Input records —
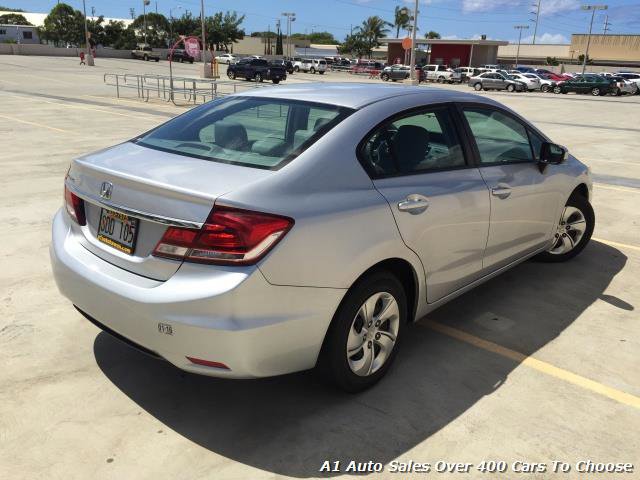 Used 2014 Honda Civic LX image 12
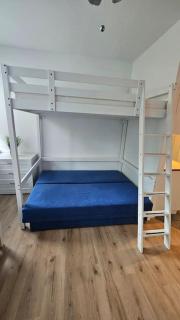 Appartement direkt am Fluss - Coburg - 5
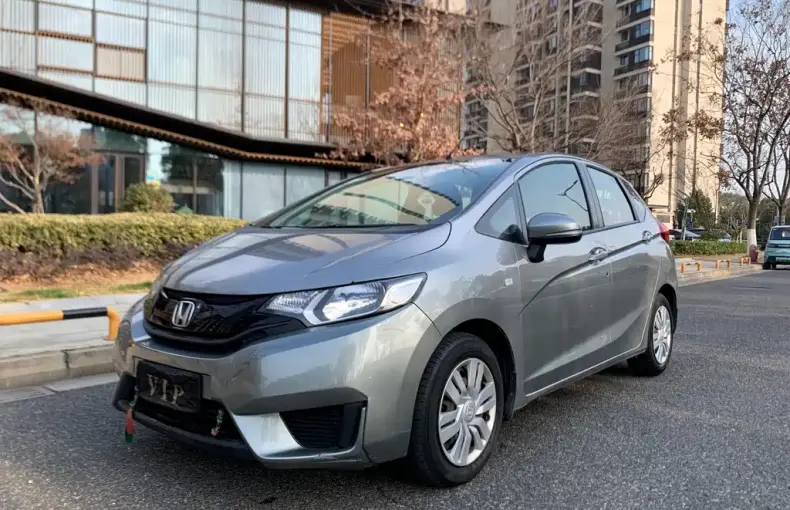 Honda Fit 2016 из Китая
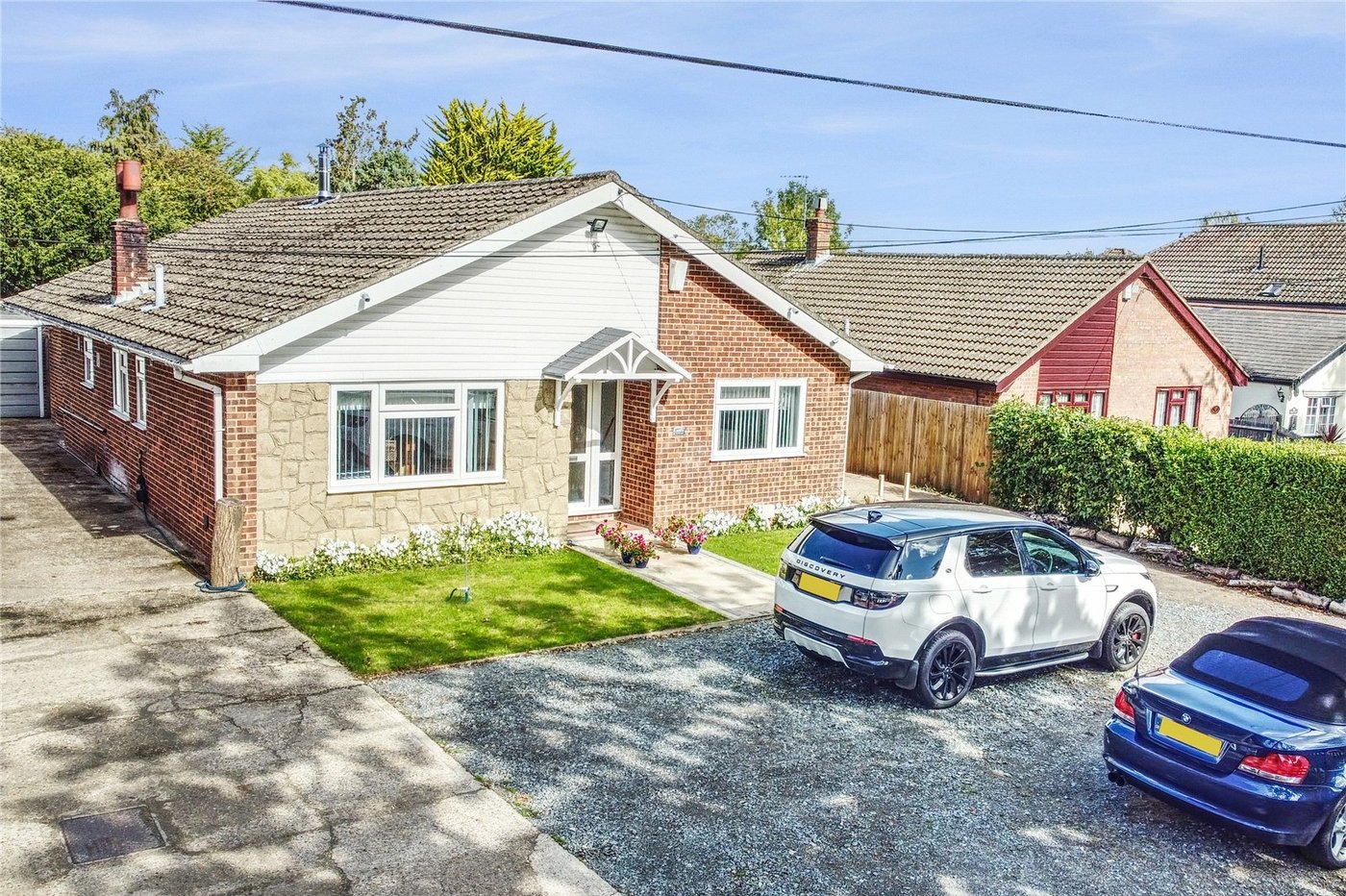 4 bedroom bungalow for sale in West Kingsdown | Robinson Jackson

* * *

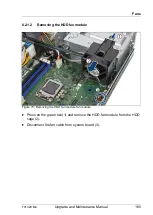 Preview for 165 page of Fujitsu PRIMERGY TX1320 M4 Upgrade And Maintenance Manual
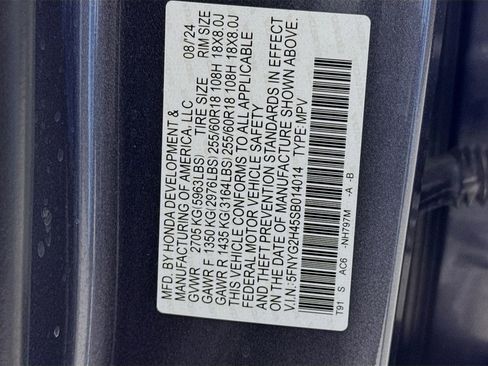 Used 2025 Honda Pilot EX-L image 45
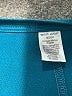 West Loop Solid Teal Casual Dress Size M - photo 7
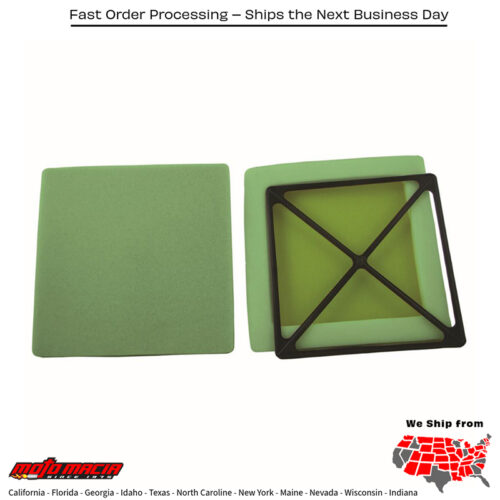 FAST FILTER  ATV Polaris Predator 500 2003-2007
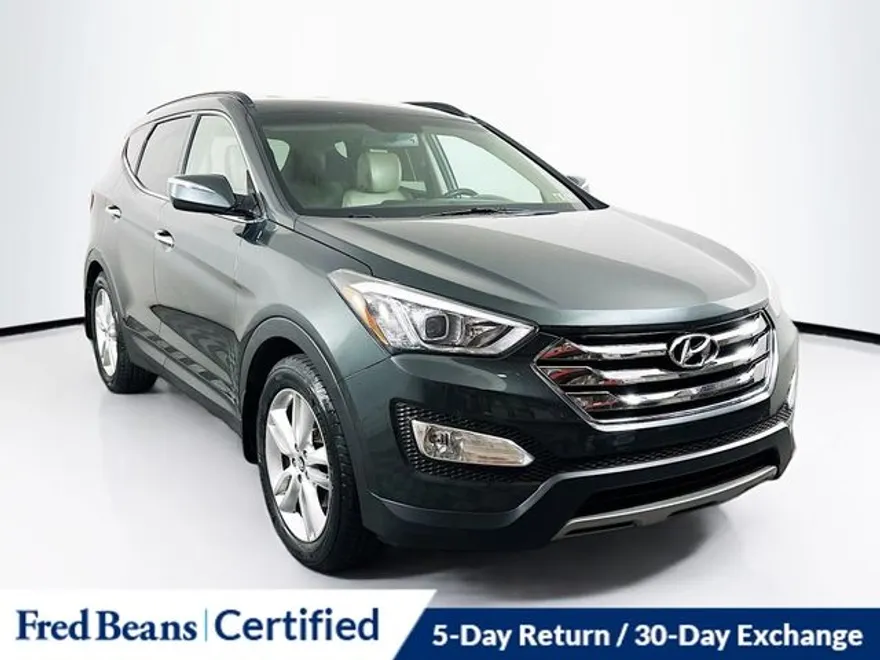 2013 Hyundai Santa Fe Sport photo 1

Requirement — In the listing above, the required lines run from the line with "Appartement direkt am Fluss - Coburg - 5" through the line with "4 bedroom bungalow". Output exactly those lines, omitting pictures.

Your solution —
 Appartement direkt am Fluss - Coburg - 5
 Honda Fit 2016 из Китая
 4 bedroom bungalow for sale in West Kingsdown | Robinson Jackson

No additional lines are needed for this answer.